L’invio delle Frecce Tricolori all’estero ci riporta alla memoria un gravissimo incidente che avvenne a Ramstein in Germania, nel 1988. In quell’occasione 3 aerei con piloti addestratissimi a bordo entrarono in collisione fra loro durante l’esecuzione di una figura acrobatica, causando la morte, oltre che dei piloti stessi, di 67 persone fra gli spettatori.
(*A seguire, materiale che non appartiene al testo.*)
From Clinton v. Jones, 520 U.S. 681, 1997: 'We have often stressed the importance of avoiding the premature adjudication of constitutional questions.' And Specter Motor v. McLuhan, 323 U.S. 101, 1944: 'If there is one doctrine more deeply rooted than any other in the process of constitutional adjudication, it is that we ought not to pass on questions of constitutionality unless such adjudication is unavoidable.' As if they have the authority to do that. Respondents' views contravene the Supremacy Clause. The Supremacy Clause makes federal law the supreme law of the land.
Il Codacons ha inoltre più volte sollevato la questione dello sperpero dei fondi pubblici, ma a quanto pare tutti gli appelli sono rimasti lettera morta. Il Ministro della Difesa Ignazio La Russa ha dichiarato che le spese «saranno inferiori rispetto a quelle di un’esibizione solita: gli oneri saranno tutti a carico dell’organizzazione libica».
Pare invece che i 300 euro al giorno circa per ogni militare impegnato non saranno a carico della Libia, ma dell’Italia; ci si chiede se anche il trasferimento e la costosissima preparazione tecnica  siano oneri che si è sobbarcato il Governo di Tripoli o quello di Roma.
Per verificare se la spesa sia effettivamente tutta a carico della Libia o se invece ricada sull’Italia, il Codacons chiede l’intervento della Corte dei Conti affinché indaghi se questa spesa è giustificata da veri interessi istituzionali.